Recrutements, le choix de Marie-Claire et Sophie
Leur CV : Marie-Claire étudie l’art à Paris. A 25 ans, elle monte une entreprise, fonde une famille tout en mettant fin à son expérience entrepreneuriale, et passe 24 ans à s’occuper de sa famille avec de forts engagements associatifs à l’étranger et en France. Alors que ses enfants montent à Paris pour étudier, elle trouve un poste à l’accueil d’une université. Cinq ans plus tard, leurs études sont terminées et elle démissionne pour devenir auto entrepreneuse. Elle imagine et créée de ses mains des lampes et des appliques, qu’elle expose et vend. Jamais les deux pieds dans le même sabot.
Sophie quant à elle, est une lyonnaise mère de quatre filles. Elle part au Maroc avec son mari en raison d’une opportunité professionnelle exceptionnelle. Passionnée et créative, elle se forme à la décoration d’intérieur avec une amie. Toutes deux gèrent des chantiers importants pour des restaurants, des maisons et des palais.
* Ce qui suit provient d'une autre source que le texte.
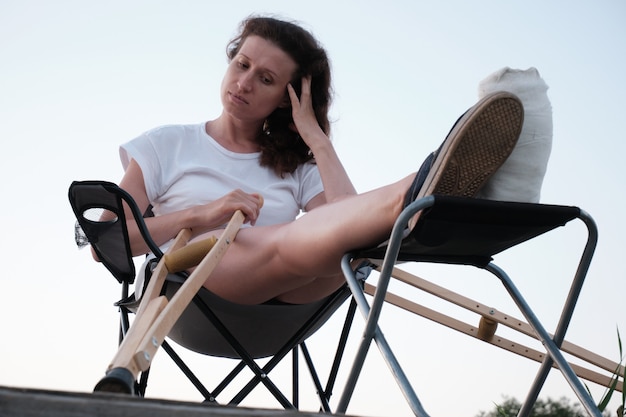 Woman with broken in cast is sitting on chair in nature Leg injury Rehabilitation after a fracture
Sophie se met ensuite à son compte et s’occupe de projets plus petits avant de rentrer en France avec mille idées et autant de projets à construire…
Avec ces recrutements, nous sommes au-delà de ce que nous escomptions. . L’une de mes collaboratrices a résumé ces deux personnalités à merveille : « Vous avez adopté 70 enfants en nous rejoignant ». C’est en effet ce qu’il s’est passé. Elles sont entrées dans une « relation maternelle avec nous sans être moralisatrices ». Elles apprennent en permanence des autres avec bienveillance pour mieux consolider le collectif et en savent probablement plus que moi sur leurs collègues. Elles conseillent, aident, écoutent, enchaînent les traits d’esprit.
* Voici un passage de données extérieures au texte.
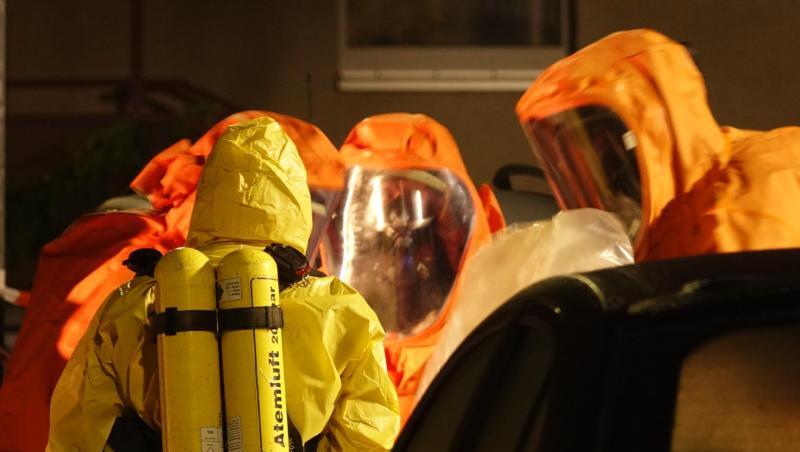 Feuerwehrleute sind in Schutzanzügen im Einsatz. Feuerwehrleute sind in Schutzanzügen im Einsatz.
Nos recrutements sont nos Ambassadrices et intrapreuneuses
Elles sont devenues les ambassadrices de l’entreprise, la première image et la dernière que voient les clients. Sans le savoir, elles ont intégré de manière complète notre philosophie et elles la transmettent à tous nos visiteurs. Nous sommes des aménageurs de bureaux prônant le changement de l’espace et un management plus horizontal afin de développer la créativité ; et Marie-Claire comme Sophie ont compris que les entreprises avaient, et allaient changer, pour devenir des lieux à mi-chemin entre sa propre maison et un hôtel, proposant des services aux collaborateurs pour qu’ils se sentent comme à la maison.
Des opportunités de marchés sont déjà là grâce à elles, et d’autres changements plus profonds ont même pris place. Ces intrapreneuses nous ont proposé de faire des déjeuner d’affaire dans nos locaux en étant derrière les pianos et fourneaux plutôt que dans des restaurants impersonnels. Elles prennent part aux actions qui dessinent notre avenir
La prise de conscience a donc été profonde pour moi. Nombre sont les entreprises à appeler à la « disruption » et à penser qu’elle se trouve dans la jeunesse. C’est parfois le cas et parfois non. La raison est simple : ce n’est pas l’âge qui est le critère discriminant. Nous pouvons dresser des tendances statistiques dans les générations, elles sont utiles pour recruter mais ne doivent pas virer au dogmatisme.
Car à dire vrai, je n’ai jamais rencontré de statistique en personne : les parcours des gens sont uniques, qu’importe notre volonté de leur imposer des cases.
Il y avait un besoin… Elles y répondent avec brio.